Satellite with stowed solar panels and the folded Icarus antennas on the side

(Image: OroraTech)

3 min. read

The animal observation program Icarus will soon be active again. In the coming week, a new receiver for the program will be launched into space. Currently, Icarus is halted due to the war in Ukraine.

Presumably on November 22, a Falcon 9 from the US space company SpaceX will bring the Gena-OT satellite with the new Icarus receiver into orbit, the Max Planck Society (MPG) announced. Initially, a three-month test phase is planned before the scientific program can be resumed. The launch of another satellite with an Icarus receiver is planned for next spring.

Icarus, an abbreviation for International Cooperation for Animal Research Using Space, is a program to observe various animal movements around the world. The program, originally a cooperation between MPG, the German Aerospace Center (DLR), and the Russian space agency Roscosmos, started in 2020 with an antenna mounted on the Russian module of the International Space Station (ISS). In 2022, it was halted in the course of sanctions against Russia following the attack on Ukraine.

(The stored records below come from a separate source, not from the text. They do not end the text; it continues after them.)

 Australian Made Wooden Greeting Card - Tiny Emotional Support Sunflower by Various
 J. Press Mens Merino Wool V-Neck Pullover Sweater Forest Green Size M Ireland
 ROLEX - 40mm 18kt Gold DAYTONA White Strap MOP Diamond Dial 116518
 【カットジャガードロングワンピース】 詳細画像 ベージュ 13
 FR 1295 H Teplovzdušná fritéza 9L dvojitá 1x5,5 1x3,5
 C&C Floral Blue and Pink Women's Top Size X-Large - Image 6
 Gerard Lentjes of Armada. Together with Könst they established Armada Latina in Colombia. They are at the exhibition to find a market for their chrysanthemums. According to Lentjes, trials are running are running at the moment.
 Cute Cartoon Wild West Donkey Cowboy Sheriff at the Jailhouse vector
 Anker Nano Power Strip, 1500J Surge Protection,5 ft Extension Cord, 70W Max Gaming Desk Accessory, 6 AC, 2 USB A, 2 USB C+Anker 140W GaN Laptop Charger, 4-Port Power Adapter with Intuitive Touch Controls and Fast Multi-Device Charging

Since then, MPG, together with the Munich-based space company Talos, has further developed the Icarus system and shrunk it to such an extent that it fits into a ten-centimeter Cubesat. In addition, it has become more powerful: the new receiver can read four times as many sensors and enables faster data transmissions as well as remote maintenance, while only requiring one-tenth of the energy of its predecessor. "What used to require a large ISS antenna now fits in the palm of your hand," says Talos CEO Gregor Langer.

To observe them, animals -- from migratory birds to large mammals -- are equipped with so-called tags. These are two cubic centimeter, five-gram boxes that contain various sensors, a communication unit, and a solar cell and battery for power supply. The sensors include GPS for position determination, an accelerometer to observe an animal's behavior, a magnetometer to detect orientation relative to the Earth's magnetic field, and sensors that measure air pressure, humidity, and temperature.

The tags send the data into space at regular intervals, formerly to the transponder on the ISS, in the future to the satellite. From there, the data is transmitted to Earth so that researchers can work with it.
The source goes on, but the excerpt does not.